▸ **Instructions to follow**
Reproduce exactly the lines from the line containing "Adapter-2 x USB Adapter." through the last line of the listing, and no others.

▸ **Collected data**
• • • • •

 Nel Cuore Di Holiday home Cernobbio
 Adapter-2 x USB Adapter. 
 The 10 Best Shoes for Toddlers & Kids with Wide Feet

• • • • •

▸ **Solution for this exercise**
 Adapter-2 x USB Adapter. 
 The 10 Best Shoes for Toddlers & Kids with Wide Feet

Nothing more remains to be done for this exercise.